Outcome measures were divided into three main outcome categories: DS, CF and DF. Measures of cognitive domains by means of objective standardized cognitive tests were considered CF outcomes. Measures of aspects of (satisfaction with) functioning in daily live, e.g. quality of life, administration tasks and social interactions, were categorized as DF outcomes. CF outcomes were further divided into standardized cognitive domains, namely Attention; Processing speed; Motor speed; Working memory; Verbal learning and memory; Visual learning and memory; Executive functioning; Verbal fluency; Global/intellectual functioning (Lezak, Howieson, Bigler, & Tranel, 2012). DF outcomes were divided into subjective and objective. Subjective DF was operationalized as self-reported DF, e.g. a questionnaire on quality of life filled in by a patient. Objective DF was operationalized as clinician-rated DF, e.g. results on an advanced finances task rated by a clinician.
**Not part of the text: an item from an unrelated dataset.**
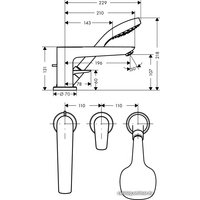 Смеситель Hansgrohe Talis E 71730000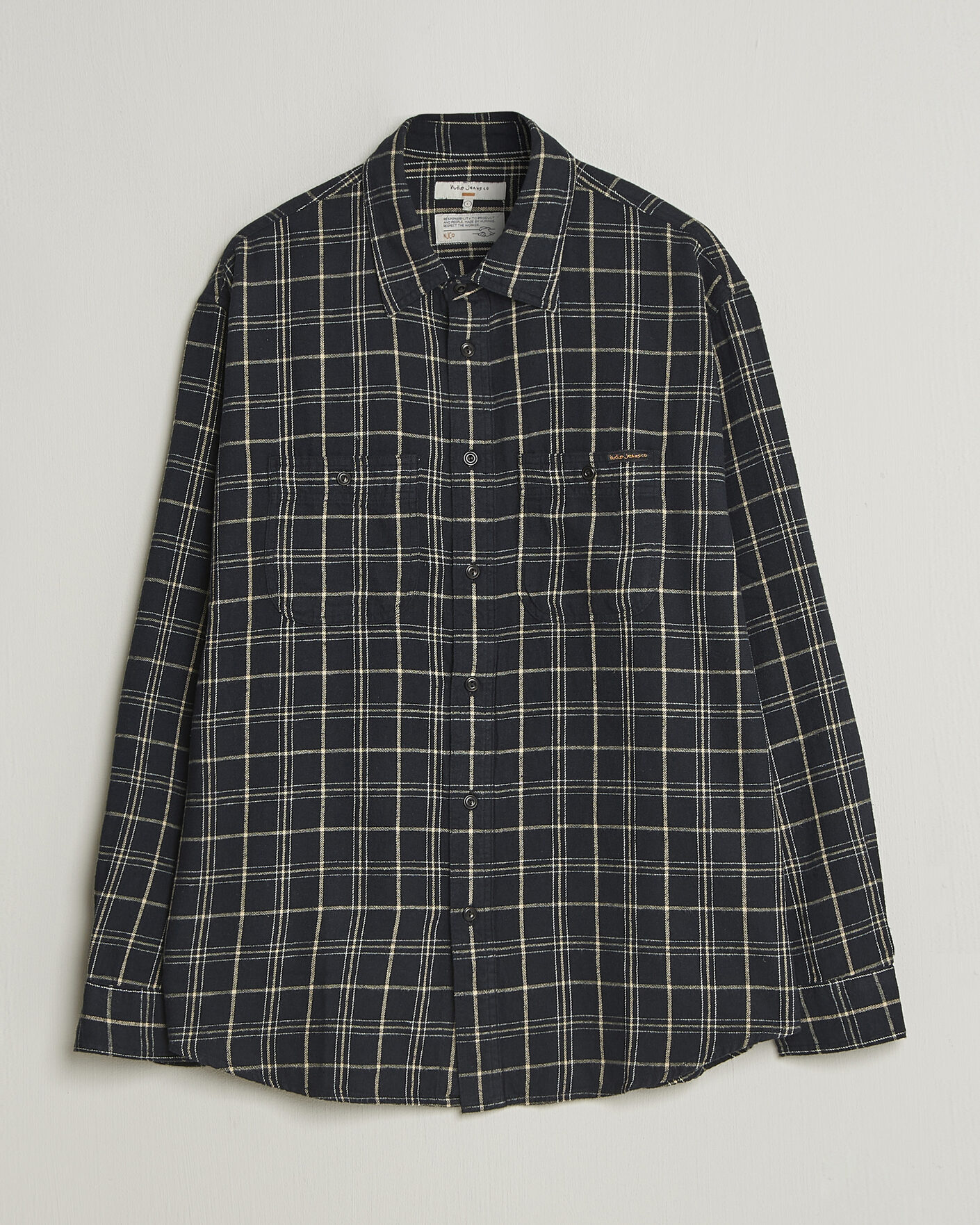 Homme | Chemises | Nudie Jeans | Julian Checked Worker Shirt Black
Categories were defined by authors AML and MS. Data were extracted and categorized by AML. Data extractions and categorizations were cross-checked by MS and MB. If any relevant information was found to be missing, the corresponding authors of the respective articles were contacted to request the information and reminded twice.

AML rated the risk of bias and MB cross-checked the ratings using the Cochrane Risk of Bias tool, as recommended by the GRADE system (Guyatt et al., 2011). For each study, seven criteria were scored as low risk of bias (0 points), unclear risk of bias (1 point) or high risk of bias (2 points). A study was rated to have low risk of bias (total points <6) or high risk of bias (total points >6). We assessed the overall certainty of evidence for the three main outcome categories using the GRADE framework.

We used Comprehensive Meta-Analysis Software (version 3) (Borenstein, Hedges, Higgins, & Rothstein, 2013) to calculate effect sizes (Hedges' g) based on means and standard deviations, and number of patients in both conditions at the first post-intervention assessment (cognitive remediation compared to control). For follow-up analyses, we used the first follow-up time-point (i.e. any additional assessment after the first post-intervention assessment) as a starting point to assess effects at follow-up. We similarly calculated effect sizes based on means, standard deviations and number of patients in both conditions. For the analyses on DS, CF and DF, the mean of the effect sizes per study on DS, CF or DF outcomes, respectively, was used. For the analyses on CF domains and DF sub-categories, the mean of the effect sizes per study per domain/sub-category was used. For each outcome, a positive effect size indicated greater improvement in the cognitive remediation condition compared to the control condition. Effect sizes were weighted by their inverse variance in order to give more weight to studies with larger sample sizes. To determine statistical significance, two-sided 95% confidence intervals were used. Weighted, mean effect sizes of 0.2–0.49 were considered small; 0.5–0.79 medium; and >0.8 large (Cohen, 1988). The I² index was used to quantify heterogeneity. Percentages of <40% were considered small; 30–60% moderate; 50–90% substantial; and 75–100% considerable heterogeneity (Higgins et al., 2020). We used a random-effects model, and mixed (random within and fixed across subgroups) effects model for categorical subgroup analyses, because of the a priori assumption that there would be substantial variability between the included studies (Borenstein, Hedges, Higgins, & Rothstein, 2009).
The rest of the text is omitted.